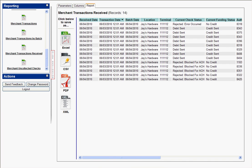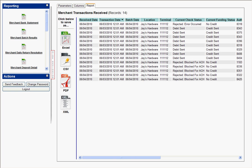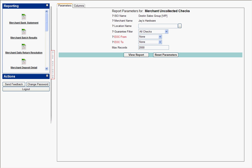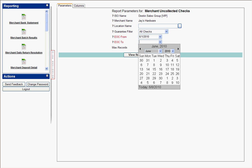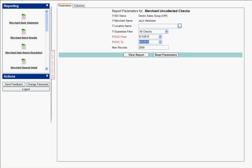To view the Merchant Uncollected Checks report, simply click on Reporting and scroll down to find Merchant Uncollected Checks. This report will show you all transactions within a specific date range that were uncollectable through our system. Select your date range, as well as the location if you choose to, and click View Report.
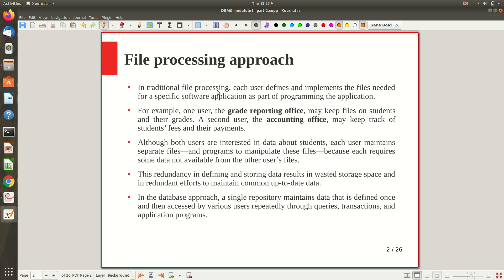In the traditional file processing system, each user defines and implements the files needed for a specific software application as part of programming that application. Whenever a programmer builds an application, he defines and implements the data — keeping it in a file and processing from there. This is the normal application-processes-over-files approach.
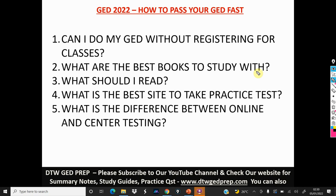Most importantly, please try to get your GED calculator and learn how to use it. Each of those books has tutorials on how to use the GED calculator, and there are also videos on my channel to teach you. It's going to help you with speed and accuracy in your maths. I'm also going to leave the link to get the GED calculator — please support me by using those links on Amazon.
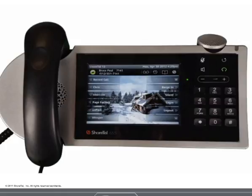Congratulations! Now that you've completed this module, you will be able to place calls on the ShoreTel IP 655, answer calls on the ShoreTel IP 655, use the 655 intercom feature, place a call on or off hold, check missed calls and return calls, answer and manage multiple inbound calls, transfer a call, and create conference calls on the ShoreTel IP 655.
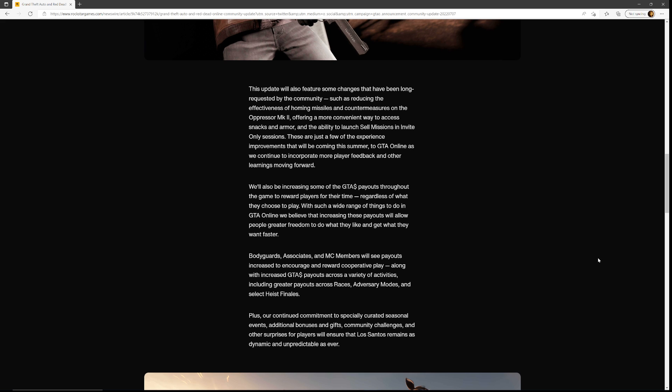These are just a few of the experience improvements that will be coming this summer to GTA Online as we continue to incorporate more player feedback and other learnings. Moving forward, we'll also be increasing some of the GTA dollar payouts throughout the game to reward players for their time, regardless of what they choose to play.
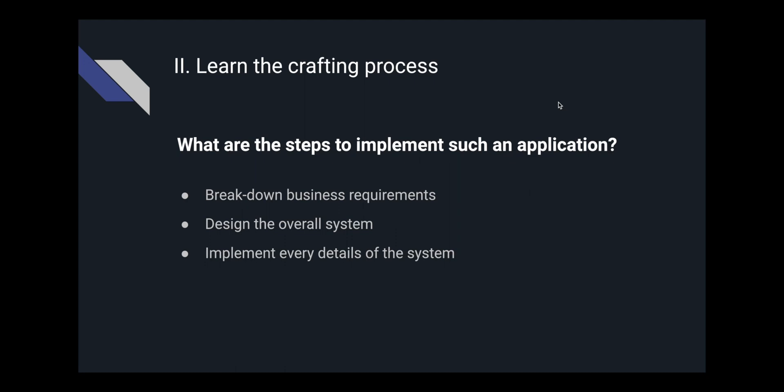The second foundation is the crafting process. Basically, what are the steps to implement such an application? How do we start with the business requirements? How do we design the overall system? How do we implement the details of the system? We try to bring the process that we use in our company daily to this course.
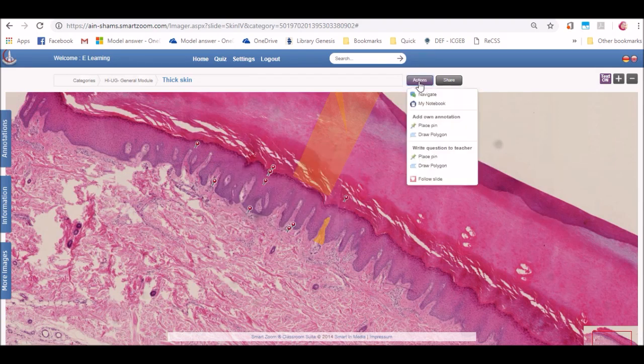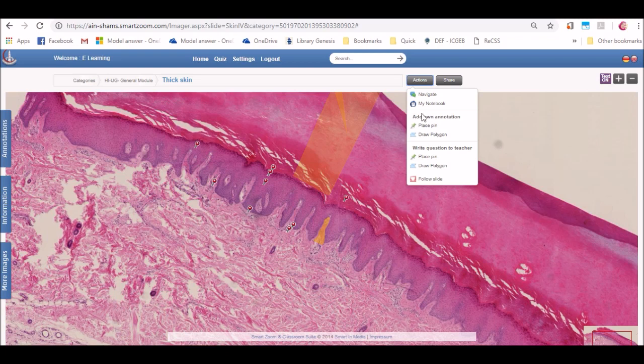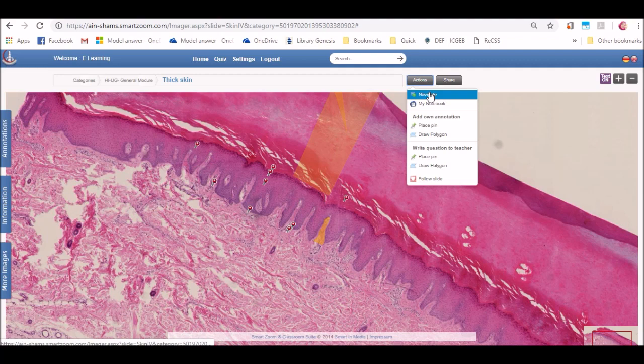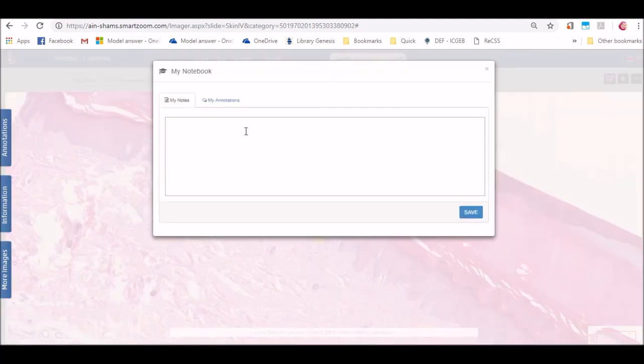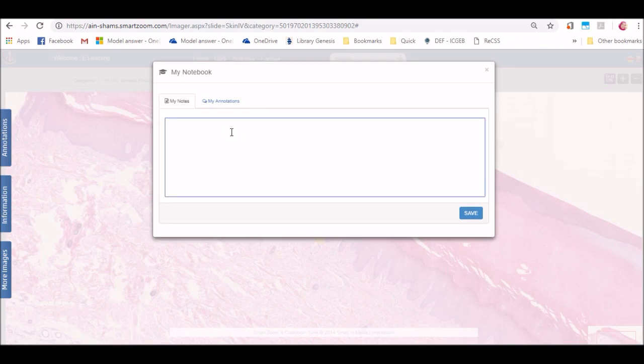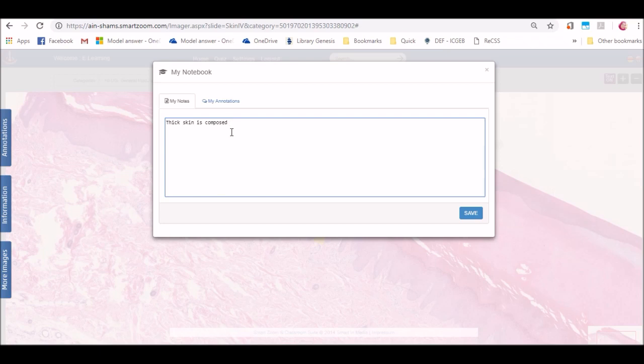Now, let's go through the features that we can use as users in this platform. By clicking on actions button on the top, you will find a drop down list of all the features that you can use as a user in this platform. First one is navigate. Navigation was what we were doing by zooming in and out and moving the slide and reading the annotations.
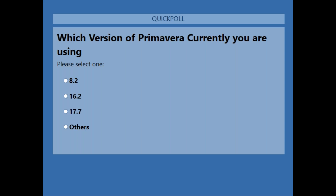The poll question asks which version of Primavera you are currently using. We'll wait for a few more moments for responses.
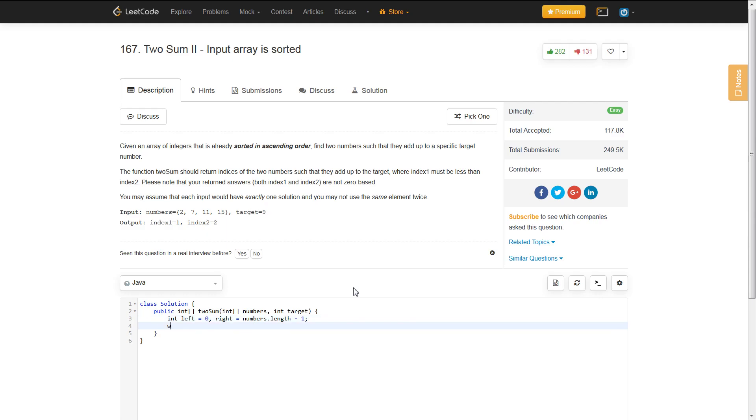And you say, while your left pointer is less than your right pointer, so the exit condition is when your left and right pointer are the same. When that happens, you know that you can exit out of this while loop.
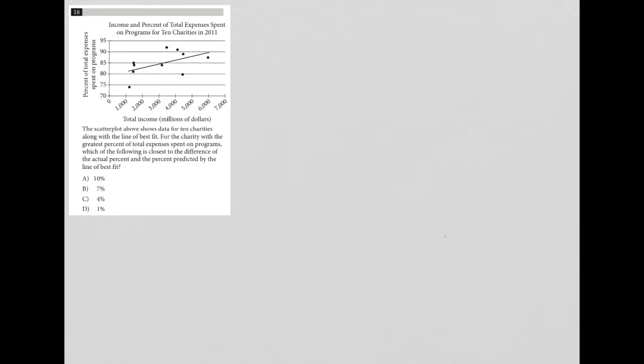So this question looks like a diagram question. I say that because of the diagram that's provided here, the graph that we have provided here.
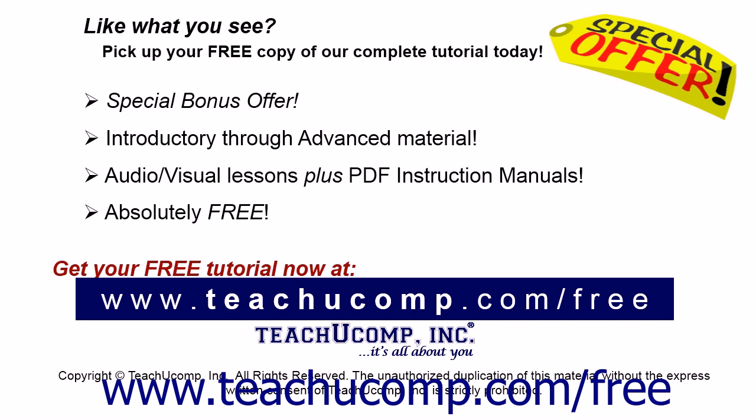Like what you see? Pick up your free copy of the complete tutorial at www.teachyoucomp.com forward slash free.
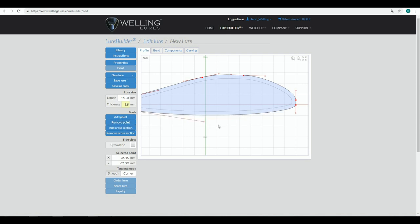A piece of warning: we do not have an undo button in Lure Builder. That's something that people might find a little bit disturbing in the beginning, and it's just one of the limitations of the technology we are using. This is a browser-based CAD software, so we don't have all the flexibility that we would have in a truly installed software.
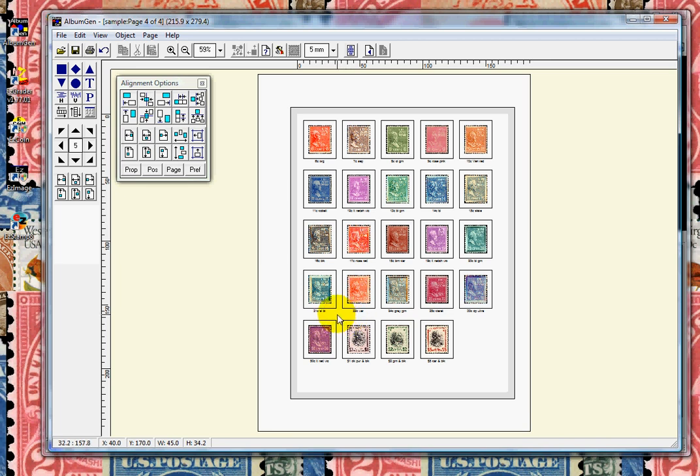This is a huge time saver and will save you hundreds of dollars on album supplements. Once the pages are displayed, you can revise them any way that you like.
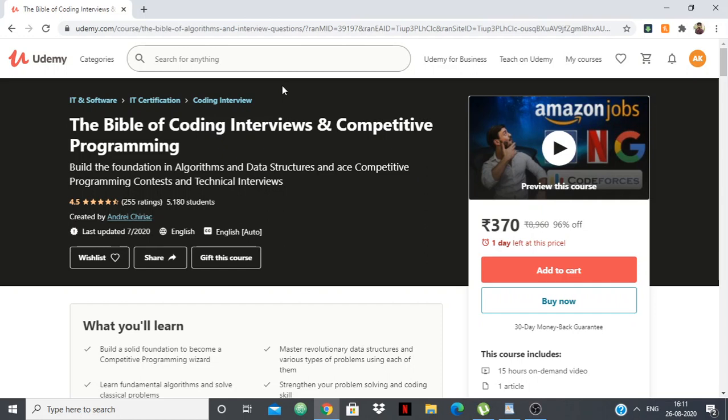Normally Udemy sometimes has a great discount, and whenever it does I'll put it in the video description. That's all, that was the point of this video. You can check the description box for the best courses I can find. Thanks guys!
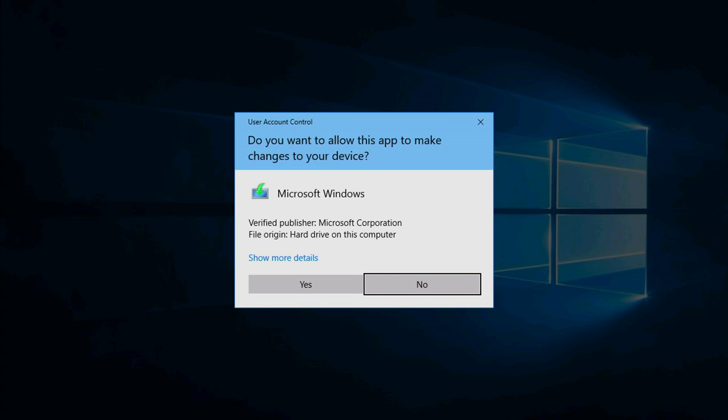If you are prompted by a User Account Control dialog box asking you to allow the application to make changes to your device, click Yes.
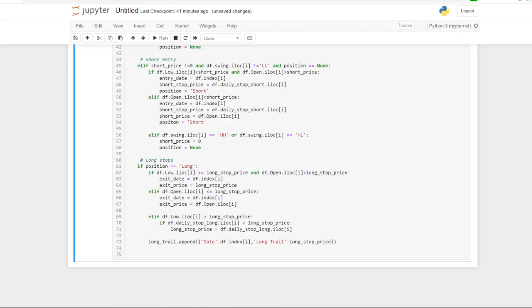For the long stop logic: if position equals long and the low is less than or equal to the stop price, we handle gap opens — if the open is greater than the stop price we take the stop price; if the open is below or equal to the stop price we take the open as our exit price. The trailing stop part checks if the low is greater than the long stop price, meaning we didn't get stopped out, and if the daily stop long is greater than the current stop price, we adjust it up. We append the stop price for the day to a list for plotting.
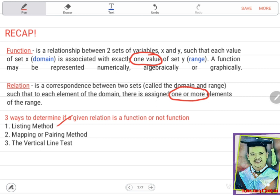If there is no repeated value, that is a function; if there is a repeated value, that is not a function. For the mapping or pairing method, the arrow coming from the domain should be exactly once only going to the range — if it is only once, it is a function; if it is two or more, that is not a function. And the last one, the vertical line test: just put a vertical line anywhere in the graph — it should pass the graph only once. If it passes once, it is a function; if it passes twice or more, it is not a function. Always remember that.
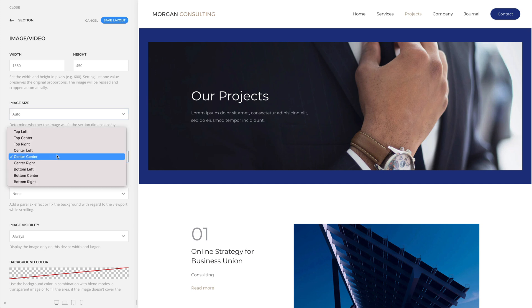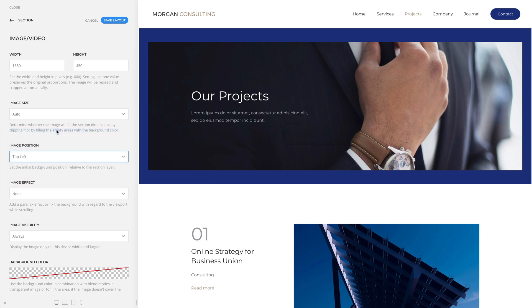Additionally, you can set the initial background position relative to the section layer. For example, let's set it to top left.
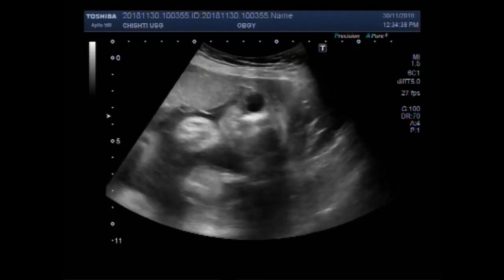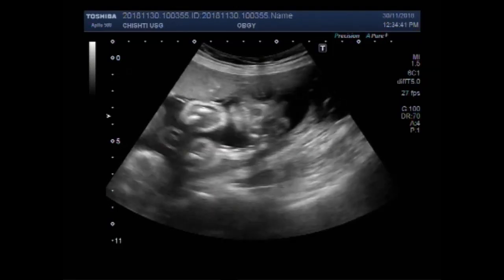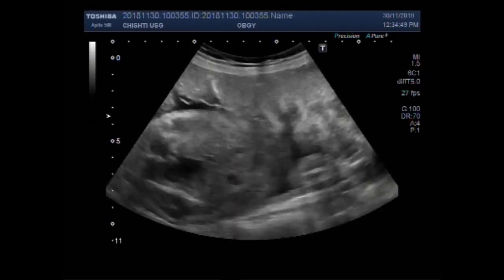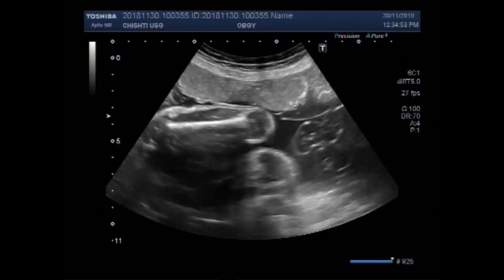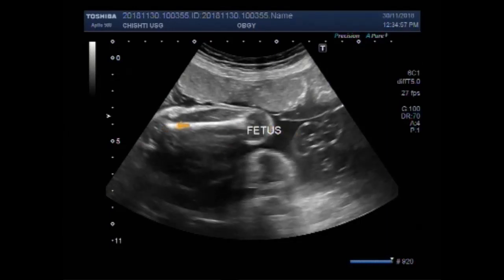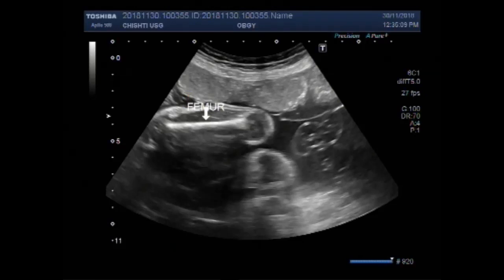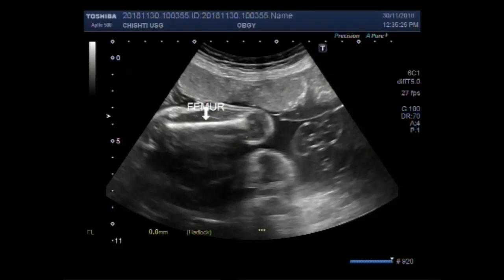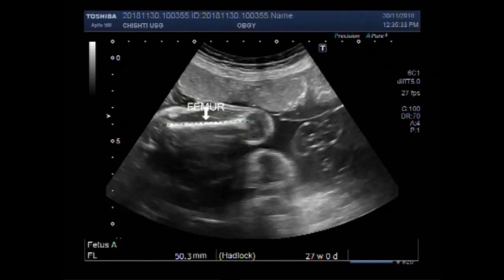This is the female fetus, at about 27 weeks of gestational period.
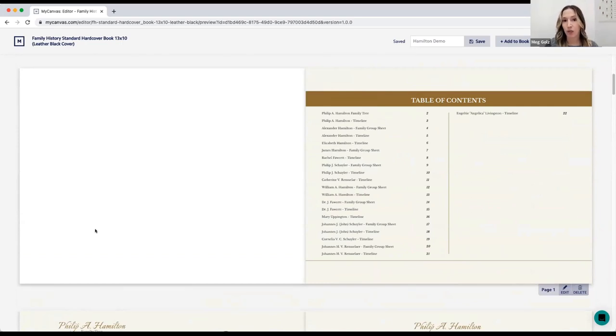Scrolling down through the book, you can see we've automatically generated a table of contents, a family tree with my starting person Philip, and a timeline and family group sheet for every person in your tree — all automatically populated into your book. While the book we generate has a lot of great information, there are a few types of pages we don't automatically add, so I'm going to show you how to add those.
========
§ PROBLEM TO SOLVE: An exact copy is required of the lines from the start of the records above through the line with "In the traditional", and only those, without any pictures.

§ RESULT OF THIS EXERCISE:
To view the Merchant Uncollected Checks report, simply click on Reporting and scroll down to find Merchant Uncollected Checks. This report will show you all transactions within a specific date range that were uncollectable through our system. Select your date range, as well as the location if you choose to, and click View Report.
In the traditional file processing system, each user defines and implements the files needed for a specific software application as part of programming that application. Whenever a programmer builds an application, he defines and implements the data — keeping it in a file and processing from there. This is the normal application-processes-over-files approach.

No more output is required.